Diğer bir önemli bir nokta, Çin aslında, başından beri, sanıldığı gibi çok merkezi bir sisteme sahip değildi. 1979’a kadar Çin, Rusya’ya göre daha az merkezi bir ekonomiydi. Çin’de yerel otoriteler daha belirleyiciydi. Fabrikaların önemli bir kısmı Çin’de yerel idari birimler tarafından belirlenirken, neredeyse tamamı Moskova’dan yönetiliyordu. Ölçek olarak da Rusya’da firmalar oldukça büyüktü.
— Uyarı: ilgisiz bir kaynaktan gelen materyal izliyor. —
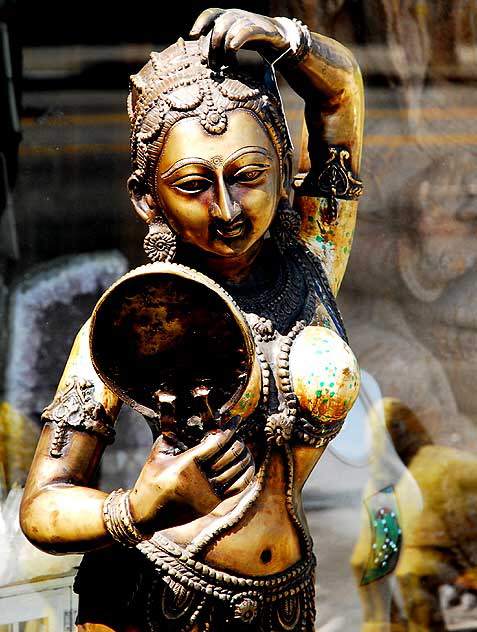 Woman and Mirror, gold Indian figure on display at antique shop on Sunset Boulevard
Çin’in daha az merkezi olmasının kaynağında devasa coğrafyasının ve nüfusun etkisi olduğu gibi, Mao Zedong’ın da bilinçli bir politikasıydı. Dahası, bu yapı aynı zamanda Çin’e deneysel olma imkânı da verdi.  Yani Çin genel olarak bir uygulamayı bir bölgede yapıp sonuçlarına göre diğer bölgelere yayma stratejisi izledi. Bu yönüyle, Çin’in merkezi olarak görünen yapısı aslında dinamik ve merkezi olmayan bir yapıdır. Rusya gibi merkezi yapıların çok kısa sürede hantallaştığı ve durağanlaştığı bilindiğinden bunun önemli bir özellik olduğu açık. Bu anlamda, Çin’in endüstrileşme çabasını sadece piyasa yanlı reformlar olarak görmek veya sadece yukarıdan aşağı bir kalkınma stratejisi olarak görmek eksik olur. Her ikisi de söz konusudur.  Bu yanıyla, endüstrileşme Çin karakteristiği taşır, diğer Asya ülkelerine benzemediği gibi, piyasalara büyük alan açan sosyalizm sonrası geçiş ekonomilerine de benzemez.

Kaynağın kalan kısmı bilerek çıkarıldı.